**What the task requires**
The printed result should hold only the lines from the opening of the data through the line bearing "Changan Eado-4", exactly as given and without pictures.

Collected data
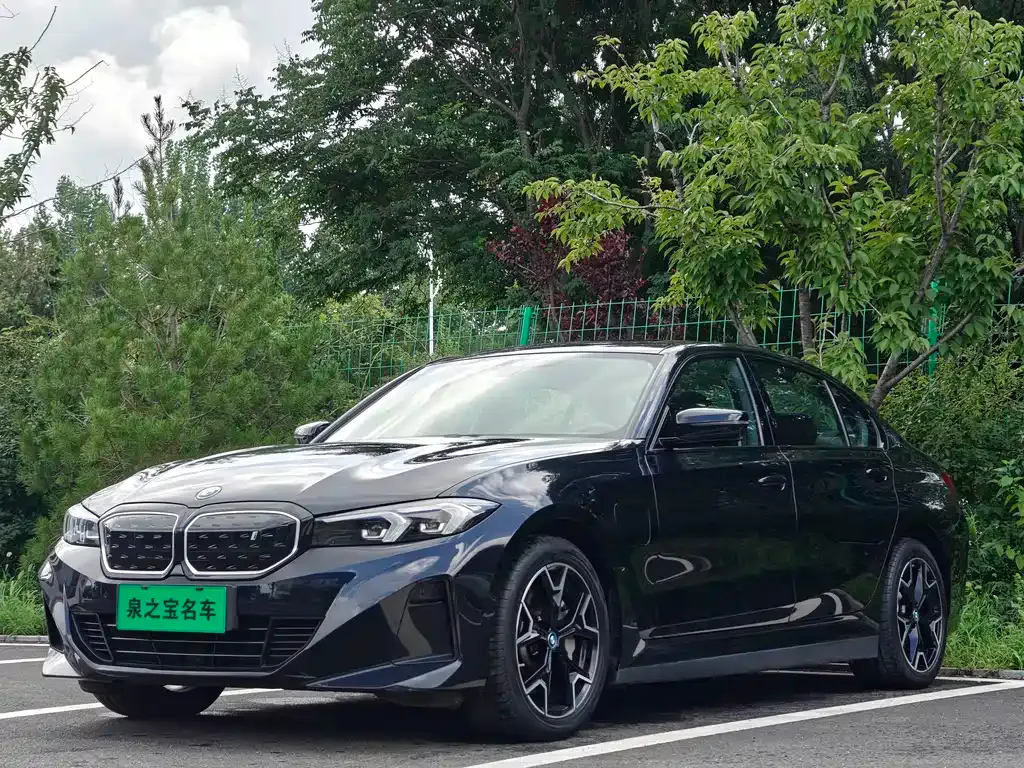 BMW i3 — фото 1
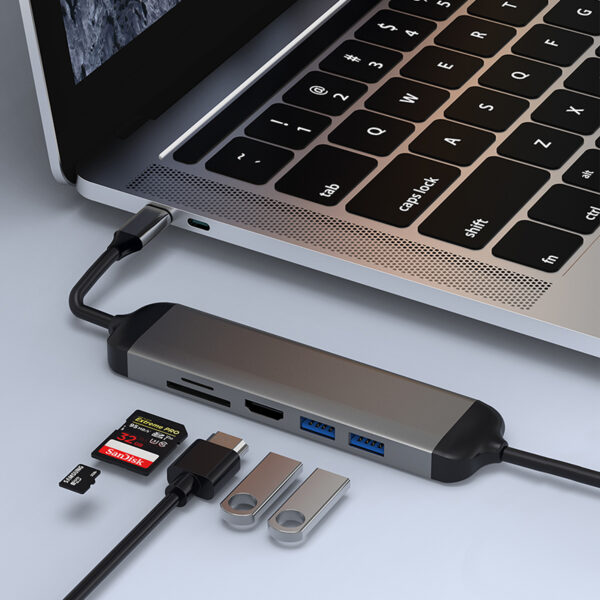 Wiwu Alpha 5 in 1 USB-C Hub A521H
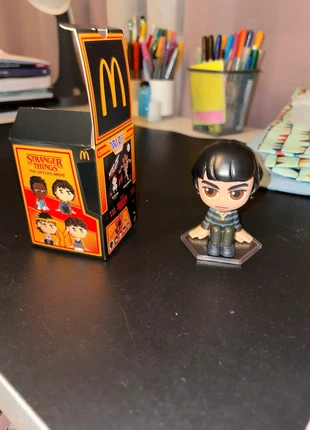 boneco stranger things, marca: Stranger Things, estado: Novo com etiquetas, tamanho: Tamanho único, €4.00, €4.90 inclui Proteção do Comprador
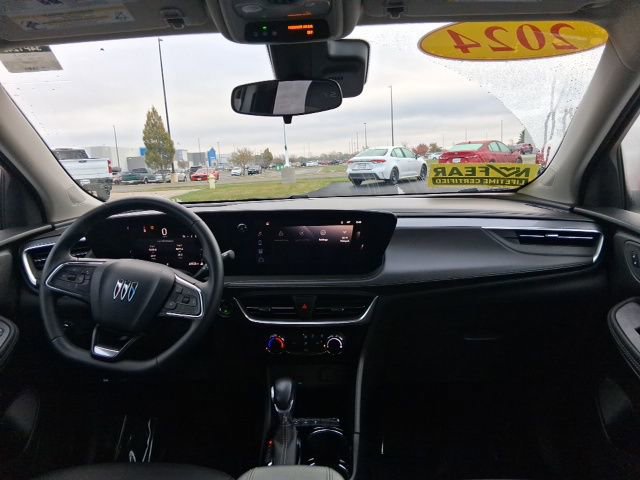 Used 2024 Buick Encore GX Sport Touring image 13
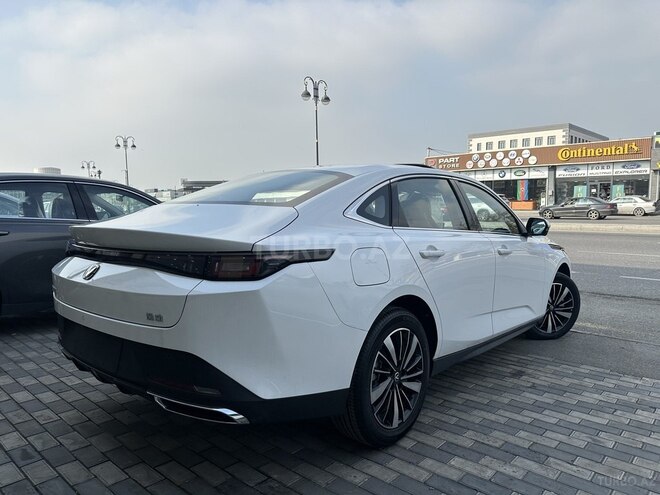Changan Eado-4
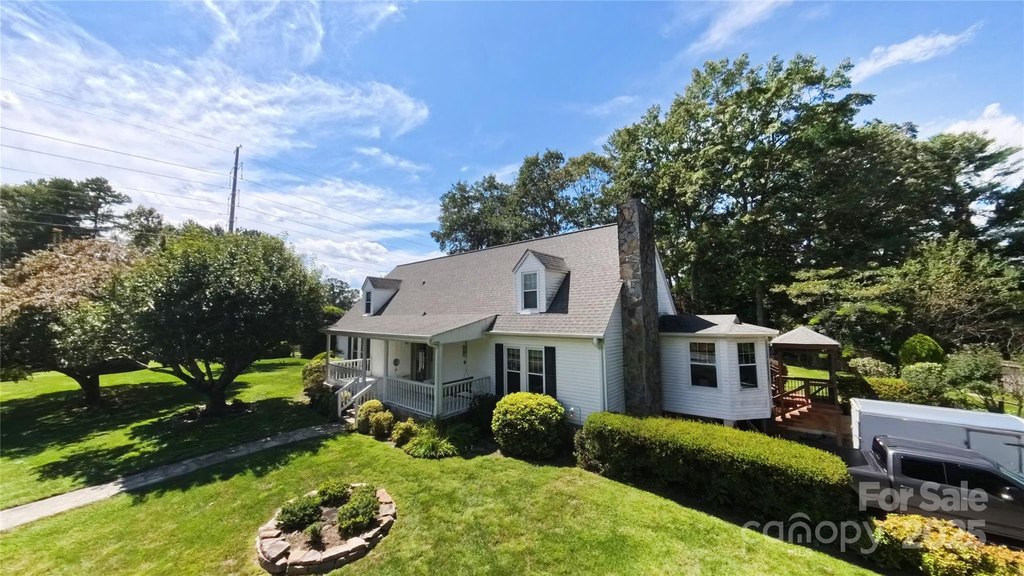 Hendersonville, North Carolina, 28792, United States, 3 Bedrooms Bedrooms, ,3 BathroomsBathrooms,Residential,Forsale,1960261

**Response for this exercise**
 BMW i3 — фото 1
 Wiwu Alpha 5 in 1 USB-C Hub A521H
 boneco stranger things, marca: Stranger Things, estado: Novo com etiquetas, tamanho: Tamanho único, €4.00, €4.90 inclui Proteção do Comprador
 Used 2024 Buick Encore GX Sport Touring image 13
Changan Eado-4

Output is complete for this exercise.